07 abril 2015

cesare pavese / a velhice – ou a maturidade…



6 de dezembro de 1938

A velhice – ou a maturidade desce também sobre o mundo exterior. A rígida e transparente noite invernal, que desenha as silhuetas das casas num céu que espere a neve, tocava outrora o coração e abria um mundo de angústia heroica.

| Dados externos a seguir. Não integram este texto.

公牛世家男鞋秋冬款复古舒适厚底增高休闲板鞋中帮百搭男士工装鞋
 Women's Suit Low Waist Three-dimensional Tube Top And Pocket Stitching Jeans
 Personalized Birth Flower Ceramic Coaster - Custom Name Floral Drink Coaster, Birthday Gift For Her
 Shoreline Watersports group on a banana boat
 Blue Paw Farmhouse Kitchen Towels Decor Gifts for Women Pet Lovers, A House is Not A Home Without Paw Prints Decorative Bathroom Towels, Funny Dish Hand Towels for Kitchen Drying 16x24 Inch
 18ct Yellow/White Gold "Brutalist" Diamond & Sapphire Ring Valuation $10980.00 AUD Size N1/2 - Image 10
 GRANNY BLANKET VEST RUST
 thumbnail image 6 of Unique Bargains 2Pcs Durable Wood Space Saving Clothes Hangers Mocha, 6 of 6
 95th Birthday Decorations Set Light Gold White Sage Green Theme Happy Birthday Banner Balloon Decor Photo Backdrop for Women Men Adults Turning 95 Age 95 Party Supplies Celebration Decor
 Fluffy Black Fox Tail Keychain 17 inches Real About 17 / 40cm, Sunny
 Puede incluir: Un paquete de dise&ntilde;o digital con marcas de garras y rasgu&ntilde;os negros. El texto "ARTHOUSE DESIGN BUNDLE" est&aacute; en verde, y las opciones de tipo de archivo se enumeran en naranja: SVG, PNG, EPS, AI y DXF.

Com o tempo, não é necessário movermo-nos no mundo exterior para vivermos a angústia que ele provoca: basta um rápido aceno, saber que existe e existe em nós, e esperar um mundo inteiramente feito de vida interior, que adquiriu agora a novidade e a fecundidade da Natureza. A maturidade é também o seguinte: não procurar fora, mas deixar que fale, com o seu ritmo (que é o único que conta), a vida interior. Daqui em diante, o mundo exterior é material e pobre perante a inesperada e profunda autoridade das recordações. Também o nosso sangue e o nosso corpo amadureceram e ficaram impregnados de espiritualidade, de ritmo largo.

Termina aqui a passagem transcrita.